Good memories such as when Lee birdied the final hole to get through a pre-qualifier for the 2021 Farmers Insurance Open, then advanced out of the Monday qualifier and in his first PGA Tour round, led the field in strokes gained: tee-to-green.

Or when he again Monday qualified later that season and contended at the Palmetto Championship at Congaree.

Or when he canned a 20-footer on the last at 2021 KFT Q-School’s final stage to earn 12 guaranteed starts.

Or when he sank a closing 12-footer at last year’s KFT regular-season finale in Omaha to narrowly keep his card and sneak into the Finals.

“Every time I’m in that situation, it still feels just as impossible as the last time,” Lee said. “But there has been a lot of validation these past two years. … Naturally, I’m not one to wake up in the morning and look in the mirror and be like, oh yeah, I’m one of the best golfers in the world. I’m more like, I have to prove it to myself, grind and find out.”

Upon returning from injury, Lee quickly discovered his clutch gene never left him. First stage at Bear Creek in Murrieta, California, marked his first 72-hole event since June, and he had only recently started practicing after going three months without hitting a shot.

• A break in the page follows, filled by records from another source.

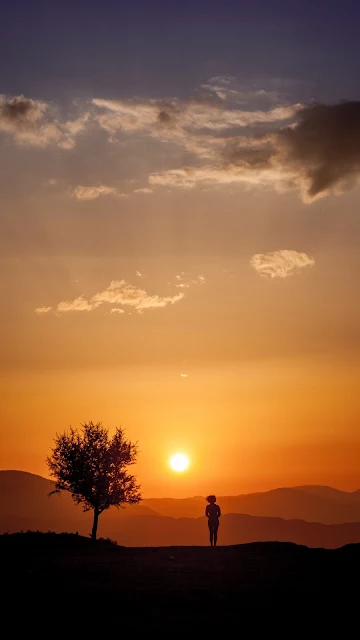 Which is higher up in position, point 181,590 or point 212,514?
point 212,514

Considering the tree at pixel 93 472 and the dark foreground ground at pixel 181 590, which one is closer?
the dark foreground ground at pixel 181 590

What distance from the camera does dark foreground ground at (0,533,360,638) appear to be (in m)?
20.0

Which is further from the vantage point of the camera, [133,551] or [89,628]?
[133,551]

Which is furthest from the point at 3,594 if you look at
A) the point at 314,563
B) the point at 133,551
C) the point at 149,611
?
the point at 133,551

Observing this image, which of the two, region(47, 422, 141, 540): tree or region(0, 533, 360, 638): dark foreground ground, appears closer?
region(0, 533, 360, 638): dark foreground ground

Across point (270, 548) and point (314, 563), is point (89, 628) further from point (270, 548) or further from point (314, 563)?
point (270, 548)

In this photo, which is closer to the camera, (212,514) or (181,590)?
(181,590)

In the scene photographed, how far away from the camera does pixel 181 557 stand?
1444 inches

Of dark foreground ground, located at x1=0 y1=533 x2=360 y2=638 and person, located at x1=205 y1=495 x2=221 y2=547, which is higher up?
person, located at x1=205 y1=495 x2=221 y2=547

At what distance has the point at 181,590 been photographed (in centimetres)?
2481

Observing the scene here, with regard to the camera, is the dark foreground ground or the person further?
the person

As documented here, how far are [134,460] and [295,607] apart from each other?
37343 mm

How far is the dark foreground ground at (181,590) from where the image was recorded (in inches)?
786

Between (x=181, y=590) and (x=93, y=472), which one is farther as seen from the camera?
(x=93, y=472) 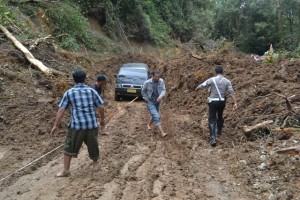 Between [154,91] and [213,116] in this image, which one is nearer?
[213,116]

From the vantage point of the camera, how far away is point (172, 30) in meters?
48.6

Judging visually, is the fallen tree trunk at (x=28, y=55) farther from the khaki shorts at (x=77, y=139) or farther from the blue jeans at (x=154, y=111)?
the khaki shorts at (x=77, y=139)

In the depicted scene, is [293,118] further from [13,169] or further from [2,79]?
[2,79]

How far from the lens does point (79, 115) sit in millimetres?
6875

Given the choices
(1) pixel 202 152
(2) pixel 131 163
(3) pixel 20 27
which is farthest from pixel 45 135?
(3) pixel 20 27

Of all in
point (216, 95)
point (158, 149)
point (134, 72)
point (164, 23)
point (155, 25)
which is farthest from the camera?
point (164, 23)

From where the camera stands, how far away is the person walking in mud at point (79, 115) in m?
6.84

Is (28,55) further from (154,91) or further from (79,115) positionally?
(79,115)

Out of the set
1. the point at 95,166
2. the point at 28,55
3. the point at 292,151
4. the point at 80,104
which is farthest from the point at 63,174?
the point at 28,55

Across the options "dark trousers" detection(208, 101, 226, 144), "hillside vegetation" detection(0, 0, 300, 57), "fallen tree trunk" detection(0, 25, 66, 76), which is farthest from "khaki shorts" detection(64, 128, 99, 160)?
"hillside vegetation" detection(0, 0, 300, 57)

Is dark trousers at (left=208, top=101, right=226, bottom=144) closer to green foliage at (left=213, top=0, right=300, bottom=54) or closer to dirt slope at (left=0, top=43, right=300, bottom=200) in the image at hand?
dirt slope at (left=0, top=43, right=300, bottom=200)

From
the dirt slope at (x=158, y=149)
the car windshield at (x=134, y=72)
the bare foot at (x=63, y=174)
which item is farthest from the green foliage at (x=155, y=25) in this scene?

Lee was anxious about his game and his body, and he could feel the intensity of the situation.

With 11 holes to go in the final round, Lee was hovering around the cut line before he birdied four holes coming in and comfortably advanced.

And then at second stage, Lee battled through less-than-ideal weather at The Landings Club in Savannah before the skies cleared way from some low scores the final day – two 62s were recorded.

Lee notched a 68 of his own, a 4-under round that was punctuated by yet more Lee heroics – a hooped 40-foot birdie putt on the final hole to push Lee inside the cut.

“I let a little emotion out,” Lee said. “That was surreal.”

Lee was already banking on 12 KFT starts next year via a major medical, though with nothing after that should he fail to satisfy that extension. Punching his ticket to final stage meant Lee would have something to fall back on, and now, the only way he can improve his status for next year is by earning his PGA Tour card.

Early that next morning, Lee, still wired, awoke at 3:30 a.m. and found himself recounting all his successes – only this time, it didn’t take a phone call. And by the next evening, he was home and planning a trip to the San Diego Zoo with his boys to kick off Thanksgiving week. After that, of course, it would be back to practice.

No longer confined to that public range, Lee belongs to a couple nice clubs these days, plus his TPC perks from being a KFT member.

Yet, he’s not lost the eagerness to grind away and prove to himself that he’s right where he belongs.